WIKIMEDIA, RICHARD BARTZ
Pesticide use is reducing the diversity of aquatic insects and other invertebrates at an alarming rate, according to a study published this week (June 17) in Proceedings of the National Academy of Sciences. Specifically, researchers studying the loss of biodiversity in Europe and Australia found large differences in the number of species in regions contaminated with insecticides and fungicides and regions that were pesticide-free.

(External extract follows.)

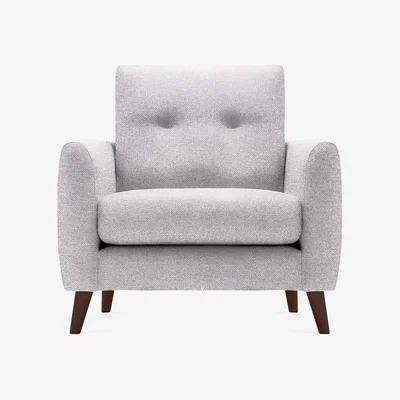 Cult Furniture Armchair Fabric and Leg Colour: Checkerboard Weave, Light Grey, Leg  Walnut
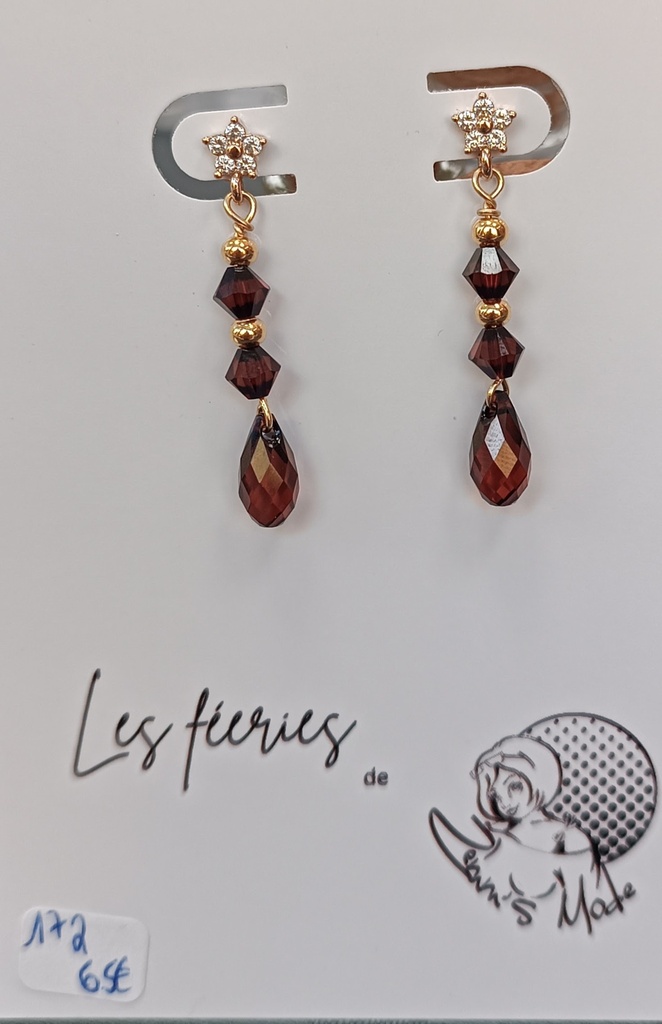 Clou d'oreille plaqué or fleur toupie et goute Purecrystal Smoke Amber (Fééries)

Though previous studies have analyzed the effect of pesticides on biodiversity in individual streams, the new paper is the first to examine the impact over large areas. The researcher team investigated 23 streams in the German countryside, 16 in the western plains of France, and 24 in southern Victoria, Australia. Biodiversity loss in the contaminated European test sites was found to be as high as 42 percent, and as high as 27 percent in Australia, compared with uncontaminated sites. Many of the groups of species hit hardest, including dragonflies and mayflies, are important prey for fish and birds, meaning the devastation could have broader impacts on the local ecosystems.
The team said that diversity decreased even in areas where pesticide concentrations were at levels that European regulatory agencies deemed environmentally protective.
“The latest results show that the aim of the UN Convention on Biological Diversity to slow down the decline in the number of species by 2020 is jeopardized,” the researchers wrote in the paper.
“We are at a crisis point, with species loss on a global scale, especially in freshwater ecosystems,” aquatic ecologist Emma Rosi-Marshall told Nature. “Considering pesticides along with other known threats to biodiversity may be crucial for halting species declines.”